How easily you can do all this is tied to one thing: your credit score. In this article, we’ll be talking about WHY credit score is important and HOW to build a good score.



Although credit score is more relevant in the United States, good credit habits can only help you stay strong financially, especially if you’re a freelancer or small business owner!


The Quick And Clean Of Credit Score


Credit score simply means: Are you worth lending money to? Do you pay it back on time?


Score comes into play when applying for insurance, loans, credit cards, homes, phones, and even jobs.


Companies use the score as a baseline measurement so it’s a good idea to keep it in the green.


What is a good credit score?


Used predominantly in the US, FICO (Fair Isaac Corporation) credit scores range from 300 to 850.


In general, the scores are tiered as follows:


table of fico scores with ratings


The scores are calculated with the following weights:


how is fico score calculated

Image from


Looks complicated? Not really! Essentially, you want:


  1. A score of 670 or more
  2. That is gained through 6 months or more of effort


Luckily we have a few ways to get you to that level. Read on!


Why you need a good credit score


As we’ve mentioned, 670 and up is good.


It means you are less likely to have problems in applying for credit-oriented financial products:


  • Need a bank loan? You may qualify easily and get better rates.
  • New credit card? Applications are easy and you can get better cards.
  • Want to rent an apartment?
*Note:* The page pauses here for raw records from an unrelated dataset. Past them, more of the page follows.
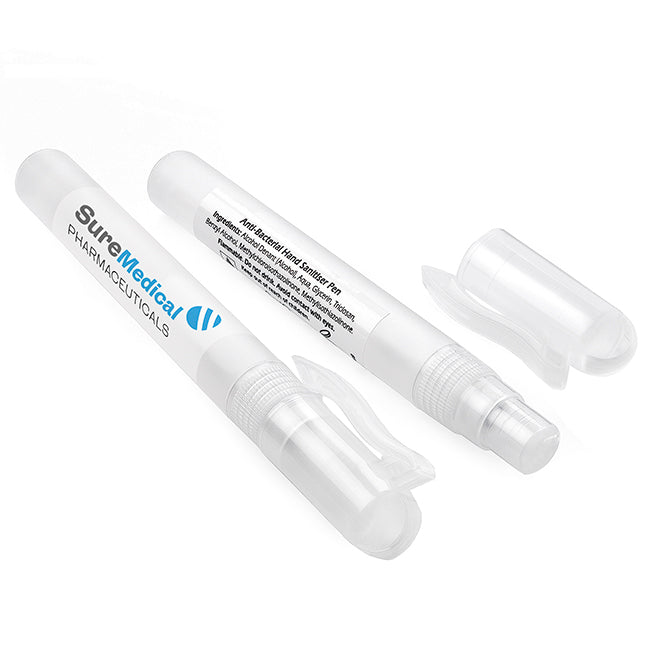 Sani Stick Hand Sanitiser Spray (9ml)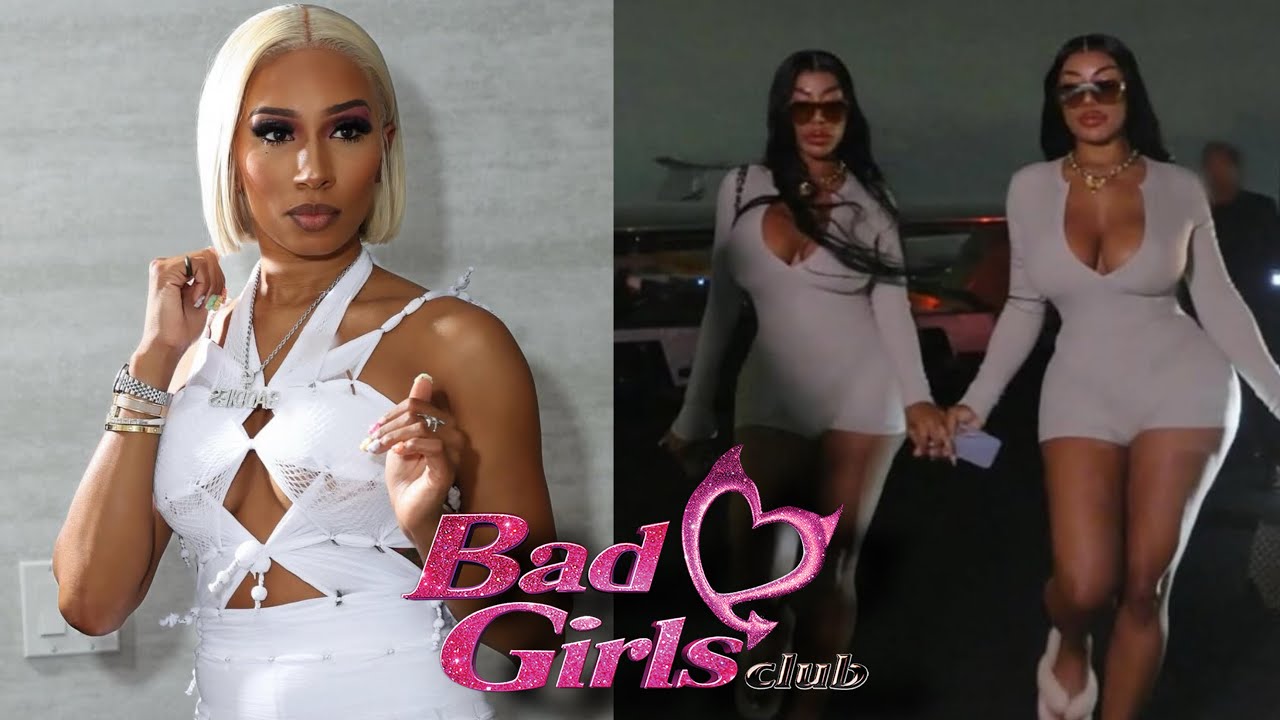 BGC 14 CAST! THEN VS NOW  2025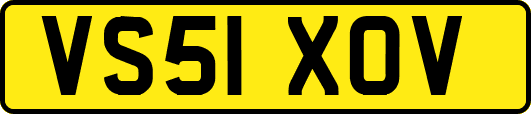 VS51XOV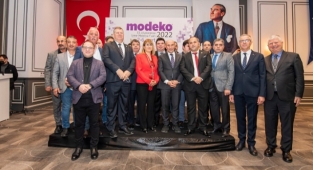 Uluslararası İzmir Mobilya Fuarı için geri sayım başladı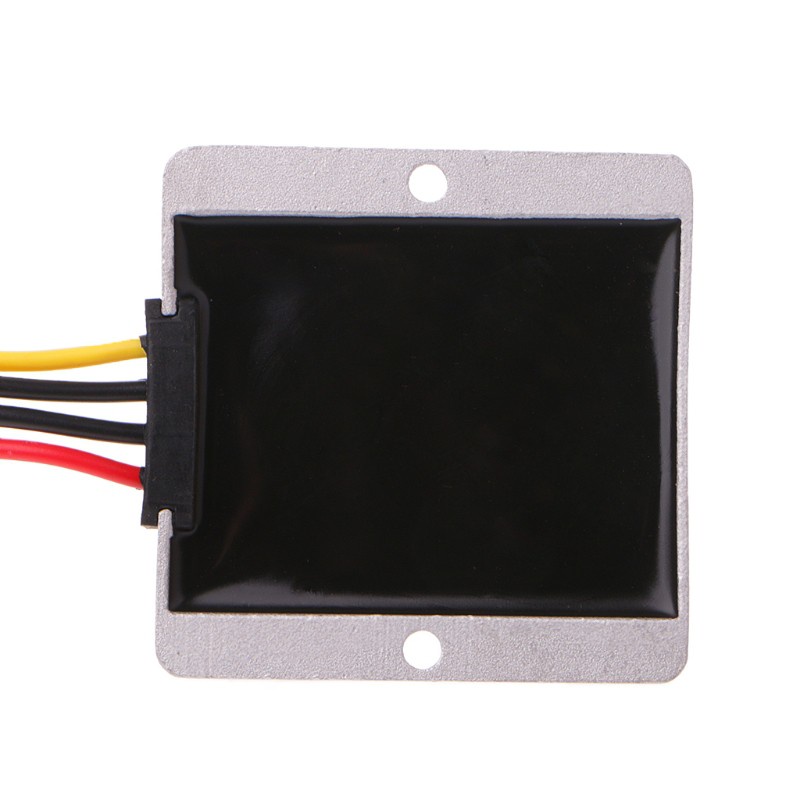 Đầu chuyển đổi nguồn điện uki dc 12v sang dc 24v 10a 240w dành cho xe hơi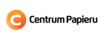 logo Centrum Papieru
Confident landlords may require smaller deposits.


If you’re a freelancer used to being paid in cash and lacking a paper trail, a nonexistent or bad score will deny you many of these opportunities outright, which will certainly put a crimp in both lifestyle and growth.


Here are some examples of what can happen with bad scores:


  1. Many credit card companies require a FICO score of 670 for new applicants.
  2. A conventional loan needs a score of 620, with higher interest charges or upfront deposits for lower scores.
  3. You may find it difficult to rent a home due to lack of history.
  4. Bad scores mean higher car and health insurance premiums.
  5. Even getting a phone or salaried job can be more difficult!


Now you see how a bad score can become an exponentially more expensive and troublesome problem.


You could run away from bad credit, but that’s not the easiest thing to do, either.


How do I check my credit score?


Check credit score

Check your credit score to help keep it in the green.


There are 3 ways to get your credit score:


  1. Your credit card, bank, or loan company may list your score in your statements.
  2. You can buy credit scores directly from credit bureaus like Equifax, Experian, and TransUnion.
  3. You can Google for sites that give free credit scores – results will vary.


How fast is credit built?


In the world of credit score, “fast” is about 3 to 6 months, while most scores take a year or more to get to.


Look out for “Scorebuilder Tips” throughout this blog for method-specific advice on maxing score building.


Now – let’s get on with the actual advice!



How To Build Credit WITH A Credit Card


The easiest way to build a credit history (aka score) is with a credit card! Duh.


But what’s the best way to do it?


1. Pay your bills on time, every time


From FICO’s chart, payment history has a 35% weight in score calculation.


This means paying your debts on time, every time, impacts your score the most. If you miss a payment, it will make a huge dent in your score.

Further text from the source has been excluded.